The joint thickness is not related to the use of lime mortar

The cost difference is negligible for small works

It won't matter if cement mortar is used in this type o situation, but the mix ratio should be carefully determined so that it is not too strong and the colour matches the existing
 
Thanks Woody, had a read of a few of your other replies on other topics, and you seem to seriously know your stuff - what a decent bloke you are spending your time helping us noobs! (y)

Thanks again, have a virtual pint on me,

Russ
 
The 30's was a time when a lot of builders were still using lime mortar, but gauging small amounts of cement into the mix to speed up the setting.
Mortar using only sand and cement is difficult to work with, unless plasticizer or lime is added.
You could ask him to use something like a 6/1/1 sand/hydrated lime/cement mix. The type of sand used will play a big part in the colour.
 
Sponsored Links
I recently asked about lime myself as I was doing some repointing work and I researched it as best I could.

I came to the conclusion that there's no value in using hydrated lime. It's only a replacement for plasticiser which a chemical one can do with a couple drops rather than having to buy a whole bag of hydrated lime. In the old days plasticiser didn't exist.

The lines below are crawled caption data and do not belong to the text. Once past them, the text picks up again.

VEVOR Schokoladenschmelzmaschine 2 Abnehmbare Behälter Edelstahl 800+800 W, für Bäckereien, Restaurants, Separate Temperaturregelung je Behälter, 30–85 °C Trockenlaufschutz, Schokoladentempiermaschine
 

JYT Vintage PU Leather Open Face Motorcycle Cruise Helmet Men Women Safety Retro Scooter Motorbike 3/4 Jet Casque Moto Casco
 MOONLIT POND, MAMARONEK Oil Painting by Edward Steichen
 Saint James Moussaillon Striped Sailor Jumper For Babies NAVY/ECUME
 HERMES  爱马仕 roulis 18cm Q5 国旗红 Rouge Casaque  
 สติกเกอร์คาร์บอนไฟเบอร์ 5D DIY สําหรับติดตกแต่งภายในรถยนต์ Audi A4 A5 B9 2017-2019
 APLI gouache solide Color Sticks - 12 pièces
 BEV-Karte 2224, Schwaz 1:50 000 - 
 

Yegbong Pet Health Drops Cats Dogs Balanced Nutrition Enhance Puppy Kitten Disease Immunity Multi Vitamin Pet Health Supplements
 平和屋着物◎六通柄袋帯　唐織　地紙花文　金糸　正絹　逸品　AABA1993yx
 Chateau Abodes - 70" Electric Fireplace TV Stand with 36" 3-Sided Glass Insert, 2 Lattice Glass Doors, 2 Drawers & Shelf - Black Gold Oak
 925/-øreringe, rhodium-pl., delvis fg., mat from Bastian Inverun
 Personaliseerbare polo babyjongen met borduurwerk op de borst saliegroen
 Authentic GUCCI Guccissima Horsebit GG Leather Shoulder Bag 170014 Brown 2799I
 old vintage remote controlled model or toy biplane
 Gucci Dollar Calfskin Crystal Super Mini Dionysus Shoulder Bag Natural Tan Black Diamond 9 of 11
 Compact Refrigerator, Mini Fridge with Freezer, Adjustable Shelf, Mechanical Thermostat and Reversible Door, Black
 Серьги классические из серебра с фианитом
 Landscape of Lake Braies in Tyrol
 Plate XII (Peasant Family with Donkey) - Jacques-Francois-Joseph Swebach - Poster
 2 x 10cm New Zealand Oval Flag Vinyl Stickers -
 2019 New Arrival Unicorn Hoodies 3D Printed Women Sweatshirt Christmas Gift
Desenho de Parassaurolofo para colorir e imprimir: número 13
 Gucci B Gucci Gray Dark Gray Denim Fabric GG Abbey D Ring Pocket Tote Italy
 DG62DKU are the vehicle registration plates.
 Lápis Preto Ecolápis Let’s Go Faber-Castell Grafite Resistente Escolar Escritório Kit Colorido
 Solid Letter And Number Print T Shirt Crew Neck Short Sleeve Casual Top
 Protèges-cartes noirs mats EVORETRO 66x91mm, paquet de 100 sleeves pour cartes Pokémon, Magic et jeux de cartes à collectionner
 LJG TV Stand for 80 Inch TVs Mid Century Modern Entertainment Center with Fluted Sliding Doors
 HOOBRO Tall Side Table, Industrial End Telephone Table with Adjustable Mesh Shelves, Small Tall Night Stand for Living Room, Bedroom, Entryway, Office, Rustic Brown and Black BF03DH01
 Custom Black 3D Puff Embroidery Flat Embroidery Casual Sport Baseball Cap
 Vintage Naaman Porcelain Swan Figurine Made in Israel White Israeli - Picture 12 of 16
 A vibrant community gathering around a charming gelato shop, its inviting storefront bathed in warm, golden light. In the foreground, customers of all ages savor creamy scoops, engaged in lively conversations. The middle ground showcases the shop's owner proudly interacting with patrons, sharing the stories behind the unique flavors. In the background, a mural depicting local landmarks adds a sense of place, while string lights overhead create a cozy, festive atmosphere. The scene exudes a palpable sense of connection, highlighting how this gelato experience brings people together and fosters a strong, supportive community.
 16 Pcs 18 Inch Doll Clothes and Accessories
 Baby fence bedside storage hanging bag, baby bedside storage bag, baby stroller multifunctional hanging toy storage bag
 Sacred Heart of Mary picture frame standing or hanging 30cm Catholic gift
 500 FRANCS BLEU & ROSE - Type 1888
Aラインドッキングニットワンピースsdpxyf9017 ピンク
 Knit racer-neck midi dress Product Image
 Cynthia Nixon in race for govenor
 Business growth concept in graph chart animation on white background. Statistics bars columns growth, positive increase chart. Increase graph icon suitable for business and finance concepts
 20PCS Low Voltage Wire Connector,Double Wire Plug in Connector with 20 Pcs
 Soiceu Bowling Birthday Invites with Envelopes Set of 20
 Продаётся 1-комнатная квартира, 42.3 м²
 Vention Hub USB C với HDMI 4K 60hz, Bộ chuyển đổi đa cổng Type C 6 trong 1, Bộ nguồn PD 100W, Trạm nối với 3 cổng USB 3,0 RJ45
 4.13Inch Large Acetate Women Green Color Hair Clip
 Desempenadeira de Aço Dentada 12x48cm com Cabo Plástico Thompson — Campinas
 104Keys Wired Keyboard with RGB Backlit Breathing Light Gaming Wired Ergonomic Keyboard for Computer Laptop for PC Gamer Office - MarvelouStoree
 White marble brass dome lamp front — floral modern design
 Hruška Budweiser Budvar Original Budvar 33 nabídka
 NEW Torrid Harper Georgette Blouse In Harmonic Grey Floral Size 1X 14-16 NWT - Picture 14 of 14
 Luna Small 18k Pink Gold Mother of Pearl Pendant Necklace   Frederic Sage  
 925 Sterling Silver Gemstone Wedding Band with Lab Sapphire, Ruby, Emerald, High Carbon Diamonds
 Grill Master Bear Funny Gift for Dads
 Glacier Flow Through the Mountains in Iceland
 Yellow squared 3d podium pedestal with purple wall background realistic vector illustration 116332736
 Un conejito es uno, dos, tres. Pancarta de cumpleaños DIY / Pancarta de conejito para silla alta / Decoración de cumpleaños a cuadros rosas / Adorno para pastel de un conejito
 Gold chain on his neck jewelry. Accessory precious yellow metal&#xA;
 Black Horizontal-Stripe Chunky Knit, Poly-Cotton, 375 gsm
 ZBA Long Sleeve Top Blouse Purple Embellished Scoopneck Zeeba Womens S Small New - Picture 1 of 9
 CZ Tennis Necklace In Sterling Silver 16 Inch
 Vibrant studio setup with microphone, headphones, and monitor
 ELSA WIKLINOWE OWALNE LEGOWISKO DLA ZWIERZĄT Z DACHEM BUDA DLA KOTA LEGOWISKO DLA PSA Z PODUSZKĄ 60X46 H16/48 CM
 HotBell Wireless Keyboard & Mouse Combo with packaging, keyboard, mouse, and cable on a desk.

Hydraulic lime is different and is what original lime would have been made of. But this type isn't supposed to have any cement and it takes much longer to set.

You can get colour matching powders to mix in to match the colour. I didn't use any as my sand was quite yellow but the mortar still turned out to be very grey even with a 5:1 mix, so I wish I'd added a bit of buff coloured powder.
 
I recently asked about lime myself as I was doing some repointing work and I researched it as best I could.

I came to the conclusion that there's no value in using hydrated lime. It's only a replacement for plasticiser which a chemical one can do with a couple drops rather than having to buy a whole bag of hydrated lime. In the old days plasticiser didn't exist.

Hydraulic lime is different and is what original lime would have been made of. But this type isn't supposed to have any cement and it takes much longer to set.

You can get colour matching powders to mix in to match the colour. I didn't use any as my sand was quite yellow but the mortar still turned out to be very grey even with a 5:1 mix, so I wish I'd added a bit of buff coloured powder.
The use of lime in a mortar mix for repointing isn't totally about it's workability. The mortar is more flexible, and has self healing properties for minor cracks. It's also more breathable. The cost is greater for using lime mortar however, so for general building nowadays the slight benefits are not considered worth it.
However for repointing, the extra cost isn't so great.
 
The use of lime in a mortar mix for repointing isn't totally about it's workability. The mortar is more flexible, and has self healing properties for minor cracks. It's also more breathable. The cost is greater for using lime mortar however, so for general building nowadays the slight benefits are not considered worth it.
However for repointing, the extra cost isn't so great.
But that is only true of proper hydraulic lime mortar, not cement mortar with hydrated lime added. That's my understanding from the research I did (it seems a topic with alot of uncertainty/misleading information around it).
 
An additive works by adding air to the mix, this can be detrimental. Lime does not and the resulting mix with lime as a plasticiser does feel different and not "fluffy" like an additive mix.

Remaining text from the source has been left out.